LCP Accelerated Suffix Search

LCP accelerated suffix search improves suffix array binary search by using the Longest Common Prefix information to avoid repeated character comparisons.

Instead of comparing the pattern against suffixes from scratch at every step, the algorithm reuses previously computed prefix matches.

Problem

Given a text $T$, suffix array SA, LCP array LCP, and a pattern $P$, determine whether $P$ occurs in $T$.

Return true if at least one suffix starts with $P$.

Structure

We use:

structure	meaning
`SA`	suffix array of text
`LCP`	longest common prefix between adjacent suffixes
`P`	pattern

Each suffix comparison can reuse partial match lengths from LCP values.

Algorithm

We maintain bounds and reuse known prefix information to reduce comparisons.

lcp_suffix_search(T, SA, LCP, P):
    lo = 0
    hi = len(SA)

    matched = 0

    while lo < hi:
        mid = (lo + hi) // 2

        l = min_lcp_with_neighbors(LCP, lo, mid)

        suffix_start = SA[mid]

        cmp = compare_with_offset(T, suffix_start, P, l)

        if cmp < 0:
            lo = mid + 1
        else:
            hi = mid

    if lo == len(SA):
        return false

    return matches_prefix(T, SA[lo], P)

A simplified practical version uses cached LCP bounds during binary search steps.

Example

Text:

$$ T = "banana" $$

Suffix array:

index	suffix
0	a
1	ana
2	anana
3	banana
4	na
5	nana

LCP array:

i	LCP
1	1
2	3
3	0
4	0
5	2

Search for pattern "anana":

Instead of rechecking characters repeatedly, the algorithm reuses LCP = 3 between "ana" and "anana" suffix comparisons to skip redundant matching.

Correctness

The suffix array provides lexicographic ordering of suffixes.
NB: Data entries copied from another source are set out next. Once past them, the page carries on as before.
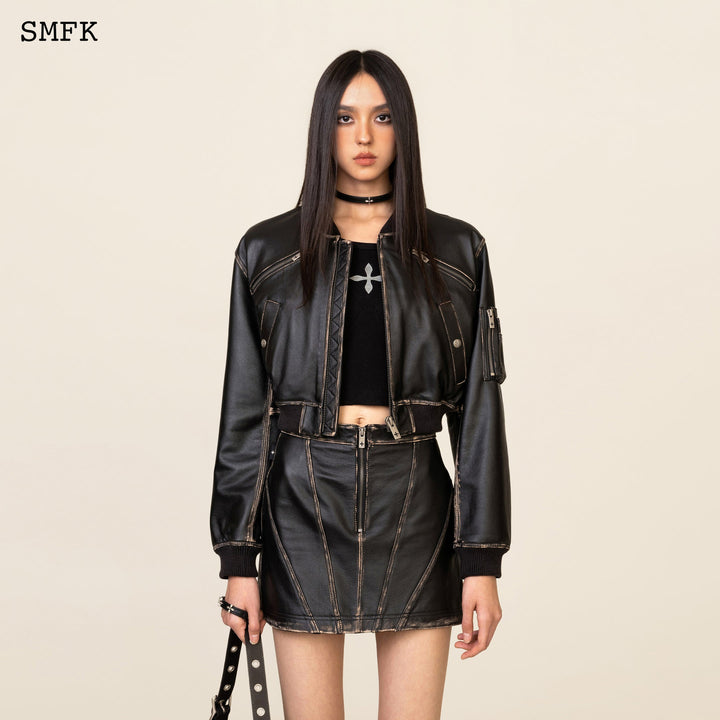 SMFK WILDWORLD RETRO PILOT SHORT LEATHER JACKET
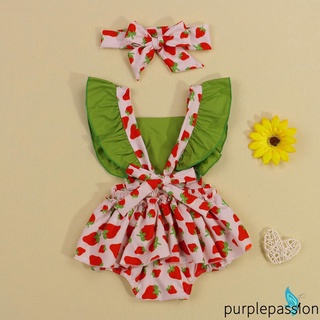 Purp-2 piezas trajes de verano recién nacidos, bebé niñas aguacate/fresa/maíz impresión mosca manga cuello cuadrado mameluco + diadema Bowknot (6)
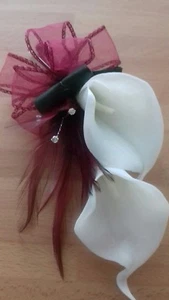 Wedding flower White Calla Lily,Feathers,Diamante,Organza Bow,Corsage,buttonhole - Picture 1 of 8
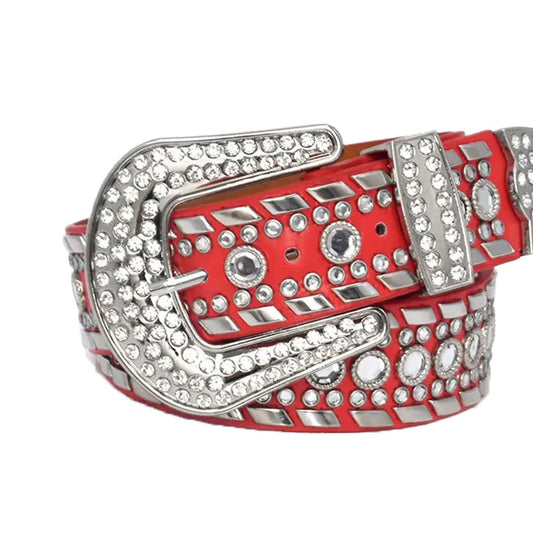 Diamond Rhinestones and Silver Studs with Red Strap Rhinestone Belt-Belts-The Rhinestone Belts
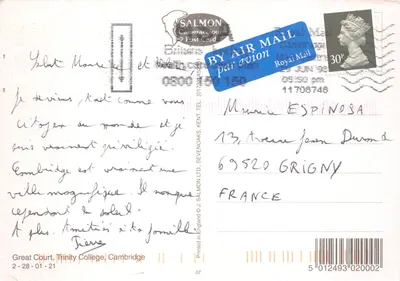 Trinity College, Cambridge — Portail et édifice gothique — éditeur SALMON Camera Colour Post Card — पीछे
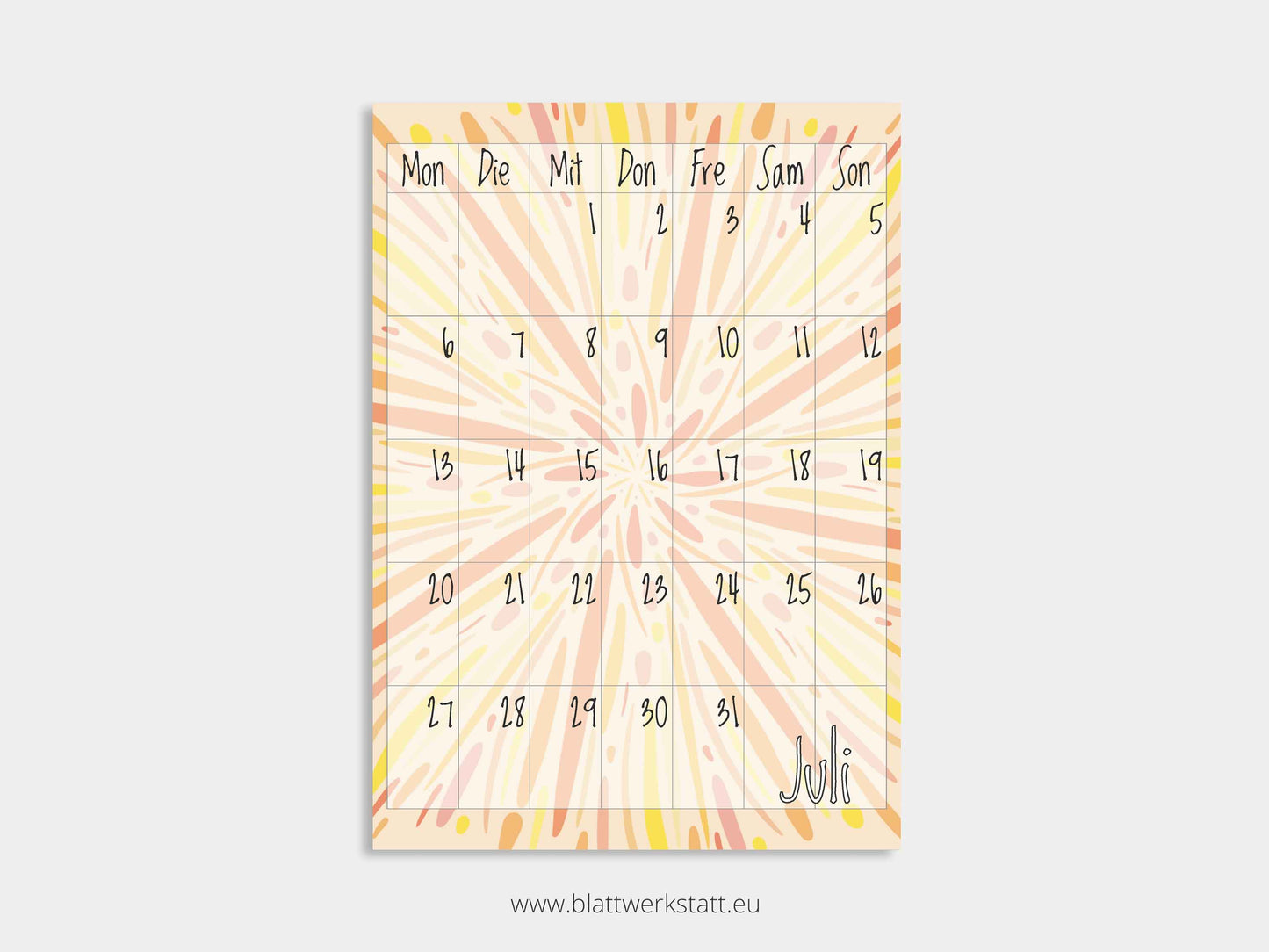 Wand Kalenderblätter "Rotation"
The LCP array provides the length of shared prefixes between adjacent suffixes.

LCP values never overestimate divergence between suffixes. Therefore, skipping already matched prefixes does not affect ordering comparisons, only reduces work.

Binary search correctness remains unchanged since all decisions are based on lexicographic comparison, which is preserved.
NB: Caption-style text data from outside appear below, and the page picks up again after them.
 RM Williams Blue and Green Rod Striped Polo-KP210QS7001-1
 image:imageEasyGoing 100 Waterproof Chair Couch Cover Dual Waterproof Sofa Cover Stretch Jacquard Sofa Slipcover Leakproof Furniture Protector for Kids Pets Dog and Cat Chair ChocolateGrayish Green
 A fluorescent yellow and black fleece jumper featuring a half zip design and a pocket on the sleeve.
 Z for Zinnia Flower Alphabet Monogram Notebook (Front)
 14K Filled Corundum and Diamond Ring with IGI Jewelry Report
Thus the algorithm returns true exactly when a suffix has $P$ as a prefix.

Complexity

Let $n = |T|$ and $m = |P|$.

operation	time
naive suffix array search	$O(m \log n)$
LCP accelerated search	$O(m + \log n)$

LCP reuse reduces repeated character comparisons across binary search steps.

Space complexity:

$$ O(n) $$

When to Use

LCP accelerated suffix search is useful when:

many pattern queries are executed on the same text
suffix array is already precomputed
minimizing character comparisons is important
text size is large and repeated comparisons are costly

It is commonly used in high performance text indexing systems.

Implementation

def compare_with_lcp(text, sa, lcp, mid, pattern):
    i = sa[mid]
    j = 0

    while i < len(text) and j < len(pattern):
        if text[i] != pattern[j]:
            return text[i] < pattern[j]
        i += 1
        j += 1

    return j == len(pattern)

def lcp_suffix_search(text, sa, lcp, pattern):
    lo, hi = 0, len(sa)

    while lo < hi:
        mid = (lo + hi) // 2

        if compare_with_lcp(text, sa, lcp, mid, pattern):
            lo = mid + 1
        else:
            hi = mid

    if lo == len(sa):
        return False

    i = sa[lo]
    return text.startswith(pattern, i)

func compareSuffix(text string, start int, pattern string) bool {
	i := 0

	for start+i < len(text) && i < len(pattern) {
		if text[start+i] != pattern[i] {
			return text[start+i] < pattern[i]
		}
		i++
	}

	return i == len(pattern)
}

func LCPSuffixSearch(text string, sa []int, lcp []int, pattern string) bool {
	lo, hi := 0, len(sa)

	for lo < hi {
		mid := lo + (hi-lo)/2

		if compareSuffix(text, sa[mid], pattern) {
			lo = mid + 1
		} else {
			hi = mid
		}
	}

	if lo == len(sa) {
		return false
	}

	start := sa[lo]
	if start+len(pattern) > len(text) {
		return false
	}

	return text[start:start+len(pattern)] == pattern
}